Opposition to the Northrop Grumman deal is also coming from the city’s peace community. The third largest U.S. military contractor behind Lockheed Martin and Boeing, Northrop Grumman is best known as the producer of the hugely expensive B-2 Stealth bomber, fighter jets such as the F-14 Tomcat, and nuclear-powered submarines and aircraft carriers. Most recently, Northrop Grumman has been specializing in unmanned aerial vehicles, which are the drones that have killed so many civilians in Afghanistan and Pakistan. According to CODEPINK testimony at a DC Council hearing, the company specializes in “making weapons we don’t need for wars we shouldn’t be in.”

Charlie Cray of the Center for Corporate Policy told the Council that DC should not stand for Defense Contractors and submitted to the Council a litany of the company’s abuses of public funds, including grossly overbilling the government, violating the Arms Export Control Act, knowingly installing defective parts and releasing hazardous waste. “Northrop Grumman has had to pay over $820 million in fines since 1995,” said Cray. “It would be scandalous to give DC tax dollars to a company with such a long record of waste, fraud and abuse.”
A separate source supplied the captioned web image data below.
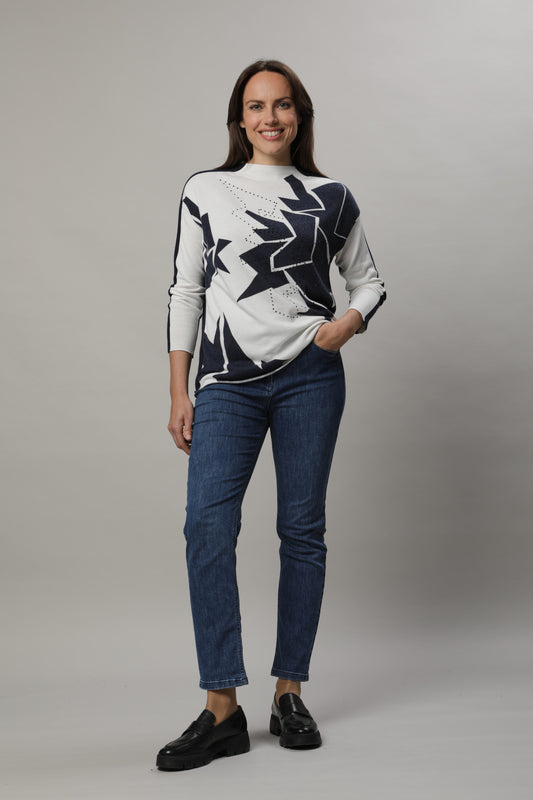 Pullover mit Kelchkragen und Frontdruck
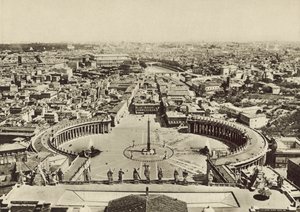 Piazza San Pietro e Panorama della Città visto dalla Cupola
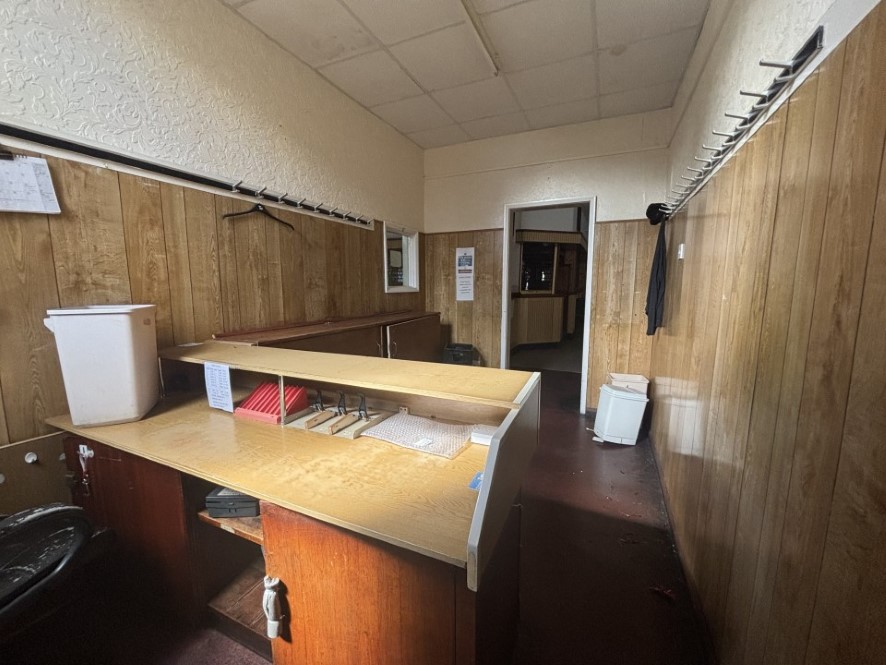 Brimington Social Club, 33 High Street, Brimington, Chesterfield, Derbyshire S43 1HH
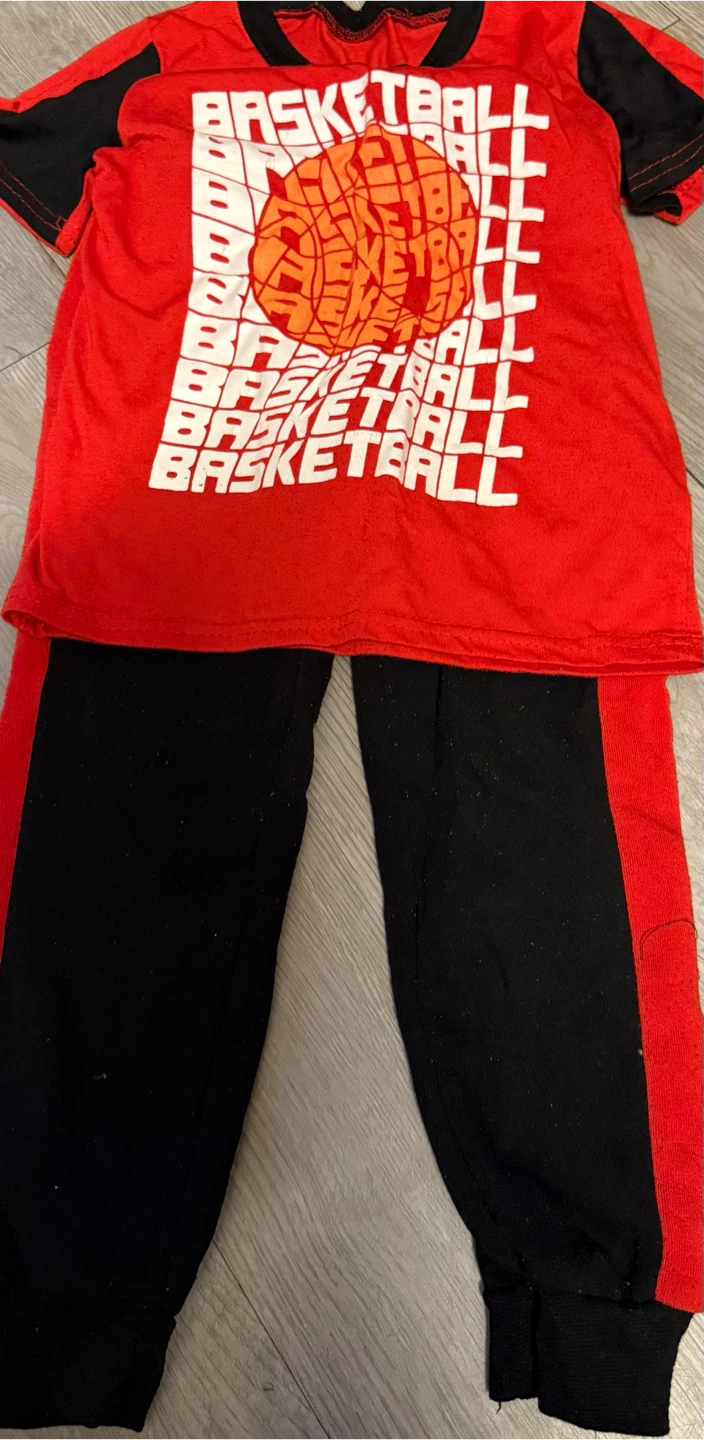 Kids Basketball T-shirt and Pants Set Size 7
The efforts of the Coalition to End Needless Tax Subsidies are starting to pay off. Councilwoman Mary Cheh, a cosponsor of the legislation, is wavering, as is Kwame Brown. Cosponsor Marion Barry now says he’ll vote against the deal. The vote is likely to take place in the next month.

The coalition is also reaching out to like-minded groups and elected officials in Virginia and Maryland, encouraging them to oppose the corporate giveaway in their states as well. Surely all three regions can come up with better uses of scarce tax dollars than, as Councilman Barry put it, “subsidizing a multi-billion dollar war machine.”